So lebte sie schöne Tage des Glückes, bis das längst drohende Schicksal über Preußen hereinbrach, bis die hohe Frau unter den schwersten Leiden und Prüfungen ihre göttliche Natur bewähren und die goldene Krone mit dem Dornenkranz der Märtyrerin vertauschen sollte.

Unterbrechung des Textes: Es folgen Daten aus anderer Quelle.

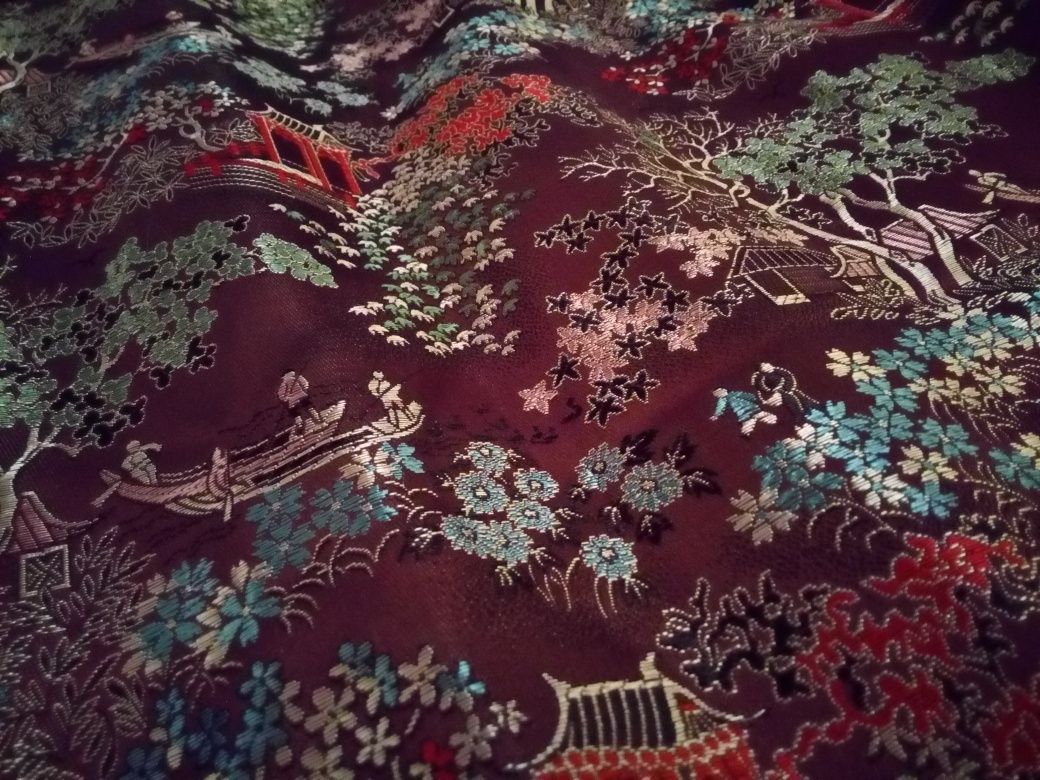 Kimono jedwabne oryginalne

Der Staat des großen Friedrich war unter seinem nächsten Nachfolger durch Verschwendung und schlechte Verwaltung innerlich tief zerrüttet worden, obgleich er äußerlich durch trügerischen Glanz sein früheres Ansehen zu behaupten suchte. Durch die französische Revolution und das Genie Napoleons wurde das Gleichgewicht Europa’s und somit auch die Stellung Preußens bedroht. Friedrich Wilhelm der Dritte zeigte sich besonders im Anfange seiner Regierung den neuen, großen Verhältnissen nicht gewachsen. Aus Bescheidenheit und Mißtrauen gegen sich selbst, eine Folge seiner Erziehung, überließ er die Leitung des Staates seinen Ministern und Rathgebern, die nicht immer die Besten waren. An ihrer Spitze stand der schwache, charakterlose, hin und her schwankende Graf Haugwitz. Der friedliebende König wünschte so lange als möglich in dem großen, welterschütternden Kampfe neutral zu bleiben, während er von allen Seiten gedrängt wurde, Partei zu nehmen. Am Hofe selbst standen sich zwei entgegengesetzte Richtungen gegenüber: auf der einen Seite die Anhänger der Franzosen, Haugwitz, Lombard etc., welche auf eine enge Verbindung mit Napoleon drangen; auf der andern Seite die Gegner Frankreichs, zu denen die königlichen Prinzen, vor Allen der geniale Prinz Louis Ferdinand, die Generale Blücher, Rüchel und Pfuel, die Minister Stein und Hardenberg gehörten. Auch die Königin Louise neigte sich zu der letzteren Partei, weil sie Preußens Heil allein in einem engeren Anschlusse an das gesammte Deutschland und besonders an Oesterreich sah.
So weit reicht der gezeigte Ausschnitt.